May 2, 2022
By Don Sapatkin
Good Monday morning, MindSite News readers. May is National Mental Health Awareness Month. To spread awareness, forward this newsletter to a friend. Meanwhile, read on for stories about how researchers hope to reduce child mortality by focusing on mothers’ mental health, why Black grief extends far beyond the deaths of loved ones to the losses and trauma that have affected an entire community, and how you can avoid being a bystander when watching a bully in action.

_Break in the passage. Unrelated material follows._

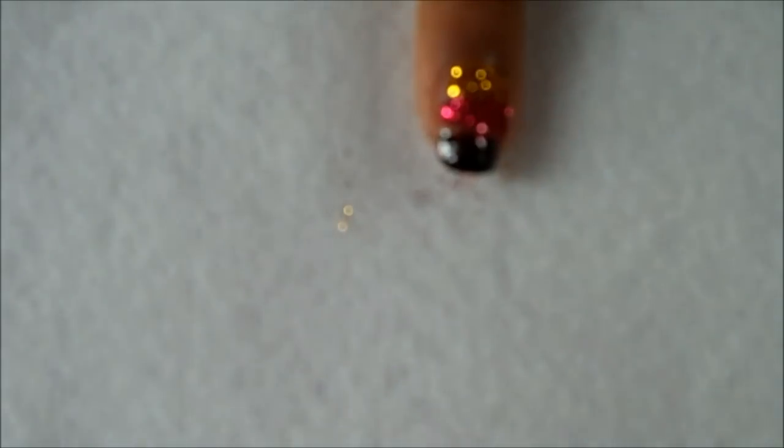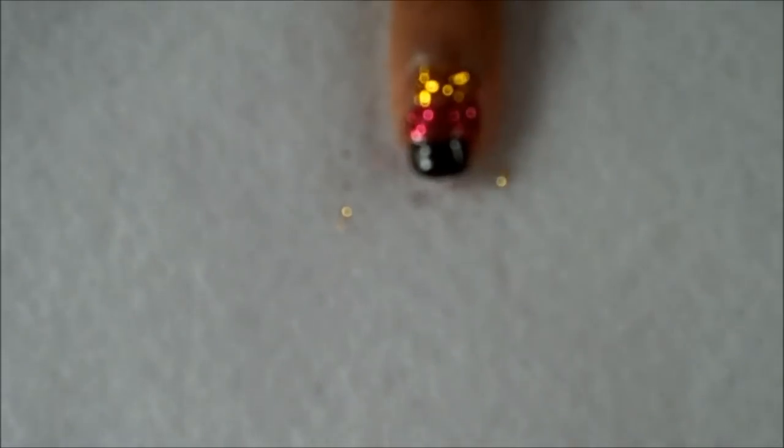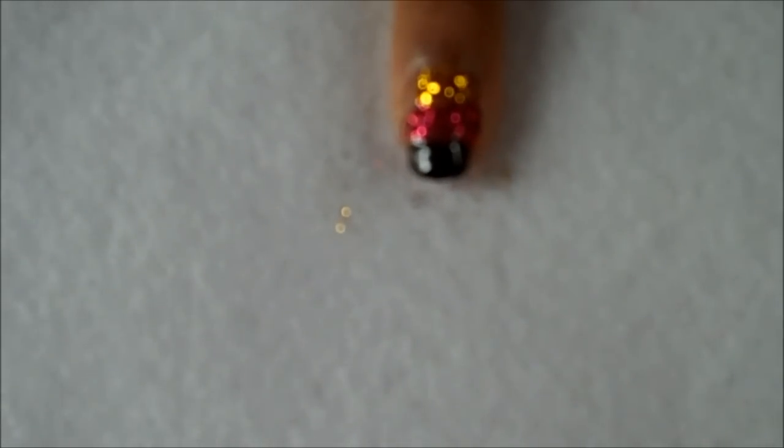And that's it. There's your German nail design.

April 30 was International Day to End Corporal Punishment of Children, and MindSite News reporter Laurie Udesky took a look at some pronounced racial disparities in corporal punishment in U.S. schools: Black children remain far more likely to get paddled in the 19 states that still allow the infliction of physical pain against children in public schools. Udesky’s reporting included an interview with a hero of the civil rights movement who, as a teenager integrating a Mississippi high school in 1966, faced violent mobs. Today, she helps Black children in Grenada, Mississippi, deal with disciplinary charges the district brings against them and supports a Mississippi coalition working to help ban school corporal punishment nationwide.
MINDSITE NEWS ORIGINALS
‘Corporal Punishment is Violence’: Black Communities Vow to Ban School Paddling
On a Tuesday morning three years ago, Julia Ringo discovered her daughter was in terrible pain. Examining her, Ringo looked in shock at a mass of bruises and swelling on her daughter Kiorey’s buttocks, a day after the 8-year-old Black girl had been paddled with a wooden board at an elementary school in Grenada, Mississippi.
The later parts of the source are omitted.